* [Work task]:
Write out the records that appear below, verbatim and complete, but without pictures.

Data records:
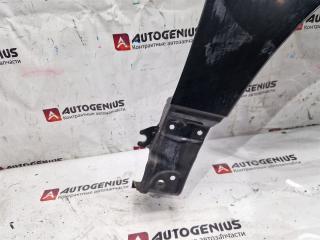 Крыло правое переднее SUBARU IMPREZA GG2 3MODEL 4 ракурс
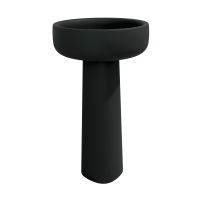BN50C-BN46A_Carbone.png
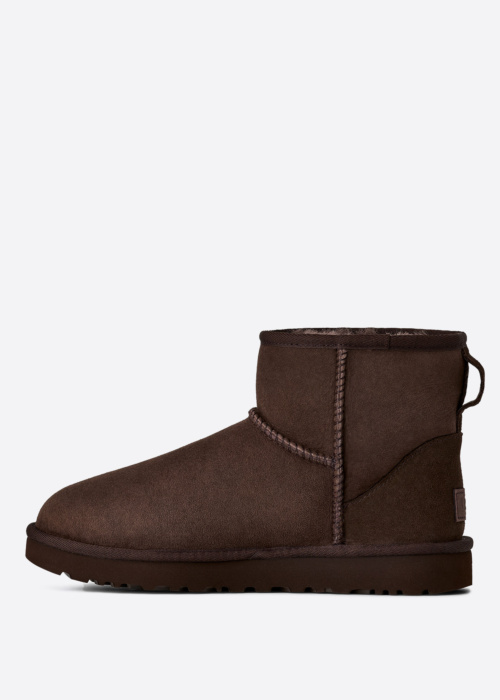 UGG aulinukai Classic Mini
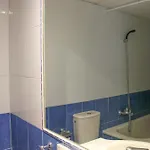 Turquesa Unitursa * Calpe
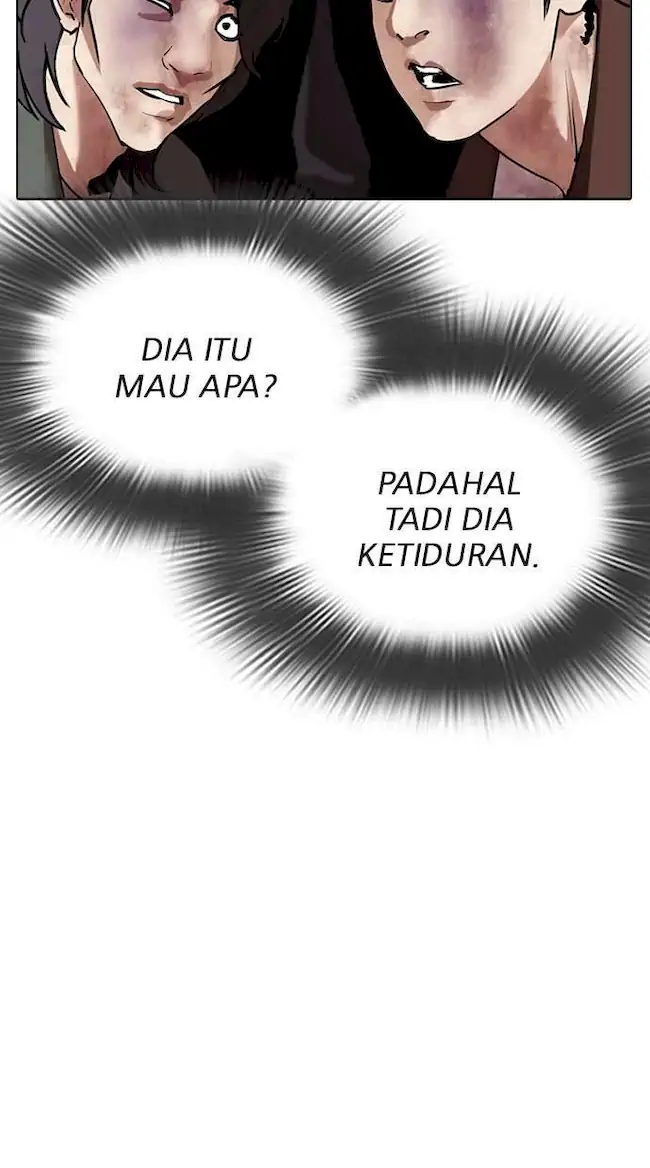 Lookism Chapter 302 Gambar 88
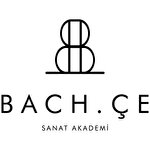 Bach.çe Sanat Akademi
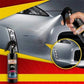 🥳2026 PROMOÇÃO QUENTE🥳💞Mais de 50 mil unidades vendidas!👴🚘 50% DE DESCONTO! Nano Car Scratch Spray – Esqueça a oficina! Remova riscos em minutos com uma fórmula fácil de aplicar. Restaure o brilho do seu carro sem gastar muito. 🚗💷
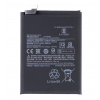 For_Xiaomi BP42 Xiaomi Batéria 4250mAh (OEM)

* [Solution]:
 Крыло правое переднее SUBARU IMPREZA GG2 3MODEL 4 ракурс
BN50C-BN46A_Carbone.png
 UGG aulinukai Classic Mini
 Turquesa Unitursa * Calpe
 Lookism Chapter 302 Gambar 88
 Bach.çe Sanat Akademi
 🥳2026 PROMOÇÃO QUENTE🥳💞Mais de 50 mil unidades vendidas!👴🚘 50% DE DESCONTO! Nano Car Scratch Spray – Esqueça a oficina! Remova riscos em minutos com uma fórmula fácil de aplicar. Restaure o brilho do seu carro sem gastar muito. 🚗💷
 For_Xiaomi BP42 Xiaomi Batéria 4250mAh (OEM)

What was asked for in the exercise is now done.